While this album suffers from execrable reputation (some of it deserved), it's not quite as bad as what some reviewers would have you believe. True that the absolutely ugly artwork and the stupid title do no favour to this wax slice?.. You'd believe we're in some kind of mid-70's funky radio-friendly junk stuck somewhere between Orleans and Kool & The Gang, with Tony even looking a bit like a retarded shoe fetishist. If that wasn't enough, the album is over-produced with often unneeded horns and seldom useful string arrangements, but the New Lifetime's line-up remains unchanged, although it's more Pasqua's baby, as opposed to the previous being Holdsworth's. One thing for sure: Pasqua didn't feel limited to the Rhodes or Hammond, he was using synths to beef up the compositions and unlike many of those years, and he chose well his sounds.

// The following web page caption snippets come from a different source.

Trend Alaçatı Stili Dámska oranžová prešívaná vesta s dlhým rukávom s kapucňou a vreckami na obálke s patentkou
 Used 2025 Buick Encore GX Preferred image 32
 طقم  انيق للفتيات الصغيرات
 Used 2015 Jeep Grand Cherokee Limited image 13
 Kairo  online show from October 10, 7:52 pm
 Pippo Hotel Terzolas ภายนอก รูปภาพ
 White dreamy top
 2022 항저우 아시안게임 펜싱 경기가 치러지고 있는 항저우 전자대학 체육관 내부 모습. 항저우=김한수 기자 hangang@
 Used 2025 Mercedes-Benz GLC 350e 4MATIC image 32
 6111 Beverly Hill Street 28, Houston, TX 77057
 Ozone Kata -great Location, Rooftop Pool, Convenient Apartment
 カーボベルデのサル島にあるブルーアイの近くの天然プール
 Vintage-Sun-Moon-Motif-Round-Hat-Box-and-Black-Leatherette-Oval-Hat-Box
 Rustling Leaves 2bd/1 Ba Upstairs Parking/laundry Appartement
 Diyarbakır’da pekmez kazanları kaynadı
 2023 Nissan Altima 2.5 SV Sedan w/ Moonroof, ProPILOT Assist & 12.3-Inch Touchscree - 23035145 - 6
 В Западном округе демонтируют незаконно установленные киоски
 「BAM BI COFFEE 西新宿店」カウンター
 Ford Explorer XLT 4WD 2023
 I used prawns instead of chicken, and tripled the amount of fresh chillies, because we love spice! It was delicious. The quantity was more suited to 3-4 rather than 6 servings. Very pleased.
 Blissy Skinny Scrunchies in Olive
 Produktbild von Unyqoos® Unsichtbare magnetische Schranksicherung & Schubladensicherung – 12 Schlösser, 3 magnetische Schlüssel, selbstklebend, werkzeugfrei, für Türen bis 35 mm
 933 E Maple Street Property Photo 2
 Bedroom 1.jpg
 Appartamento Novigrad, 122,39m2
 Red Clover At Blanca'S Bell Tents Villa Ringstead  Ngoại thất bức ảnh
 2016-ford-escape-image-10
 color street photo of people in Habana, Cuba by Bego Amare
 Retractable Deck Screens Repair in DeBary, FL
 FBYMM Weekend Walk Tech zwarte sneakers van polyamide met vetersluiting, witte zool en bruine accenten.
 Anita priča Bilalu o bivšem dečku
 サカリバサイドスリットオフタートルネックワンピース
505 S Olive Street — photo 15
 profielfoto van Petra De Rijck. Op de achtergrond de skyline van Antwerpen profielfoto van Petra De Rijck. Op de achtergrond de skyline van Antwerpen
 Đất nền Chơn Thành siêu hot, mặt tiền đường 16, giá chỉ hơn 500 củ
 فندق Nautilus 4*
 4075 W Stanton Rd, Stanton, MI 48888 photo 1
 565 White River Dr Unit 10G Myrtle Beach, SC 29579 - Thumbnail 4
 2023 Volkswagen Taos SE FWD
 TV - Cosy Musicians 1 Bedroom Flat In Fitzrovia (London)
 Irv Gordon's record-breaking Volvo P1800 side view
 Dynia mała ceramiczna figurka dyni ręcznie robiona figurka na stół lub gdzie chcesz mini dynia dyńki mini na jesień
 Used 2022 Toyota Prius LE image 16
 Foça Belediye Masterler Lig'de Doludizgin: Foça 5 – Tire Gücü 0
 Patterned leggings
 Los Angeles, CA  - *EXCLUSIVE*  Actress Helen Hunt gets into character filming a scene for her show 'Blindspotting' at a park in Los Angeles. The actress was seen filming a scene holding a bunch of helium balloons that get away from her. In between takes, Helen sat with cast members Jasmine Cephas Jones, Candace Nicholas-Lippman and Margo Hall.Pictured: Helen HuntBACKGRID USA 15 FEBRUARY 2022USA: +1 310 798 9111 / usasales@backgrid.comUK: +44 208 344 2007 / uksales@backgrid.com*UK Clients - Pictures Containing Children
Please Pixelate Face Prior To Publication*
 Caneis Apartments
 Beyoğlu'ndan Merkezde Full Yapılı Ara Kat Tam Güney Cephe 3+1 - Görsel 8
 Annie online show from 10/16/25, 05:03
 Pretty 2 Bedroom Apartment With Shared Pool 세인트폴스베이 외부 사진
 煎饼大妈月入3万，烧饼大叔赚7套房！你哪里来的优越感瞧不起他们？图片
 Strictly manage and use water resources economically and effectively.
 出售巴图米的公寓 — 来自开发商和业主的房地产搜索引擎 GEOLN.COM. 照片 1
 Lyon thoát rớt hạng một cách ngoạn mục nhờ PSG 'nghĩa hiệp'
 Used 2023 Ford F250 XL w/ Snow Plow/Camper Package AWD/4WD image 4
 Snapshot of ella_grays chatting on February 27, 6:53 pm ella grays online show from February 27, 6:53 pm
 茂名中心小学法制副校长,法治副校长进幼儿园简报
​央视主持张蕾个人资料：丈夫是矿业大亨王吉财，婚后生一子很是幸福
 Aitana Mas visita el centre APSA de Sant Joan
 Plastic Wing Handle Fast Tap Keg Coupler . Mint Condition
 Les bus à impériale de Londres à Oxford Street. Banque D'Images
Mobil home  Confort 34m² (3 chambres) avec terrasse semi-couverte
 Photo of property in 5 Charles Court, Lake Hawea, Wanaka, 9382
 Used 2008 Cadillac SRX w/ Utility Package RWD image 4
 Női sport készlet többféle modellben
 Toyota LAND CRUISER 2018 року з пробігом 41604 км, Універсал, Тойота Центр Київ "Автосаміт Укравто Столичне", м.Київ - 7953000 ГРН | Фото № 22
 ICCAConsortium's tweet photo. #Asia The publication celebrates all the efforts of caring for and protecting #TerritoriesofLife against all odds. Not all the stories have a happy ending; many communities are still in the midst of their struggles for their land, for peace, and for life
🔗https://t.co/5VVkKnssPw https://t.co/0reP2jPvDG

Admittedly, starting on an average jazz funk tune (a little long and repetitive) Sweet revenge, then on an atrocious (but thankfully short) sung track You Did It To Me (and they did, and it hurt), intended to be a radio hit filled with a full EW&F brass section, all these don't make a good start to an album that follow a minor masterpiece. However the title tracks does reverse things with some excellent chord progressions, good string arrangements (despite what I said in the opening paragraph), and some excellent GG-esque keyboards. Joy Filled Summer brings us more of the same minus the strings and more of Holdsworth and Tony dazzles us. Excellent track if a little repetitive. These two tracks are reminiscent of early Brian Auger's Oblivion Express

The flipside starts on the slow-evolving piano-dominated Lady Jade where the strings reappear, but this time in all cheesiness, but thankfully it's quickly over. The 7-mins What You Do To Me is an excellent crescendo track, one that might just be the answer to that excruciatingly bad "hit" on the A side. Again Oblivion Express shades are all over this track. The almost 10-mins finale Inspiration Of Love, where a tad of Lady Alice (Coltrane) permeated Pasqua's piano in the intro, before Holdsworth pulls a huge solo. Overall this closing monster is a fine piece if it wasn't for the over-powering string arrangements around the end of the track.

Well the end of Lifetime was near as they would find themselves abandoned on a tour by their management, and if heir last album was not their best, it certainly doesn't deserve its bad reputation aside the awful front artwork. Definitely needs rehabilitation among some "fans".